In a city that’s known for challenging GOP policies its progressive residents don’t agree with, new Mayor Gina Ortiz Jones is calling on local leaders to take additional steps in ensuring that proposals coming out of City Hall don’t conflict with state and federal law.
Among the changes Jones is calling for is a requirement that City Council members submitting Council Consideration Requests (CCR) first obtain a signature from the city manager acknowledging he’s seen the proposal.
It would then go to the City Attorney’s office for an “initial screening” to determine whether the policy is “clearly preempted” or would lead to “non-compliance” with the law, according to an Aug. 8 draft of the mayor’s changes.
“In this legal environment, we need to minimize the risk to our community,” Jones told the City Council on Wednesday while laying out her reasoning for a host of procedural changes that many members have balked at.
As a blue city in a red state, past San Antonio city leaders have long taken a more adversarial approach to Texas laws they didn’t like.
The city joined a lawsuit to stop Texas’ Death Star bill in 2023, dedicated money to help women circumvent the state’s near-total abortion ban earlier this year, and famously fought the state for power to keep Chick-fil-A out of the San Antonio International Airport early in former Mayor Ron Nirenberg’s tenure.

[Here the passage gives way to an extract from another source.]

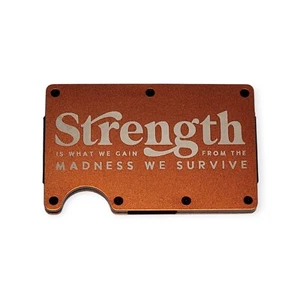 Orange "Strength Is What We Gain" Slim Wallet, Engraved In USA, RFID Blocking - Picture 1 of 3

Against that backdrop, Jones’ focus on minimizing legal conflicts with state leaders marks a change in the political discourse.
The progressive Democrat campaigned promising to keep San Antonio “compassionate” by protecting residents from harmful GOP policies at the state and federal level.
“I continue to think it’s important that we stand up for our community, for all members of our community, and I certainly will stand by that,” Jones said in an interview Wednesday evening.
But increasingly aggressive, Republican-dominated courts have made such actions more risky, she noted, and the city needs to take extra precaution to keep itself from becoming a target.
“You’ve seen steps taken at the federal level where rule is law is not what we knew it to be,” Jones told the Report.
Just this month, Gov. Greg Abbott asked the Texas Supreme Court to remove from office Democrats who broke quorum to stop President Donald Trump’s redistricting plan, while federal leaders have engaged the FBI to hunt them down and Attorney General Ken Paxton has suggested Beto O’Rourke should be jailed for fundraising violations.
“The legal environment has changed, it’s more charged. Legal risks are higher,” Jones said at Wednesday’s meeting, while stressing that council members can still file their policy proposals for consideration regardless of what the initial legal review turns up.
“As elected officials representing your constituents, you can review the written document that the city attorney has to provide … and determine if you would still like to sponsor the CCR,” Jones said. “It doesn’t stop anything. … It gives us more awareness.”
Pushback from council
So far Jones’ proposed changes to the council’s policy-making process have faced dramatic pushback from liberal and conservative members alike.
Councilwomen Marina Alderete Gavito (D7) and Teri Castillo (D5) both pointed to recent successful CCRs — Alderete Gavito’s dangerous dog policy and Castillo’s restrictions on metal recycling — which faced initial pushback from the city attorney’s office but eventually found a way forward.
“While I understand the intent, what we hear is that the policies that our constituents rely on and expect us to put forward, we’re often told they’re preempted,” Castillo said.
More broadly, Castillo and other council members expressed concern that Jones’ changes would negate council’s authority to set its own policy-making procedures, as members went to great lengths to do last year.
Current CCR policies are set by an ordinance that the full council voted on last year, under Nirenberg’s tenure, to ensure the mayor must give all members’ proposals equal and speedy consideration.
Previously the mayor had sole discretion over which policies advanced, with some moving quickly and others sitting untouched for months or even years.
Protecting that victory has pit even Councilman Marc Whyte (D10) — a conservative attorney who spent much of his first term begging colleagues to keep city government in its lane — against Jones’ proposal to screen for preemption conflicts.
“We definitely do not want city ordinances to be in conflict with state law,” Whyte said in an interview after Wednesday’s meeting. “[But] if you look at the current ordinance … there is a process [for legal screening]. If the mayor wants to change the process to have the legal review done sooner, we need to have another vote and amend the ordinance.”
It’s unclear whether Jones will agree. She reiterated Wednesday that her goal was to make the CCR process run more efficiently, and doubled down on the idea her actions are within her legal authority as mayor.
City Attorney Andy Segovia approved Jones’ ideas before she presented them last month, but indicated she and the council would have to sort out their differences amongst themselves.
“My legal analysis is this is a family matter,” Segovia said. “[The] family is the elected officials, and neither [City Manager Erik Walsh], nor I, nor the clerk, belong to the family.”
Whyte, Alderete Gavito and Castillo forced Wednesday’s meeting to be called through a three-signature memo, and nearly all members said they want adjustments to the council’s policy-making procedures to be achieved by a council vote.
Jones declined to say afterward how she planned to move forward.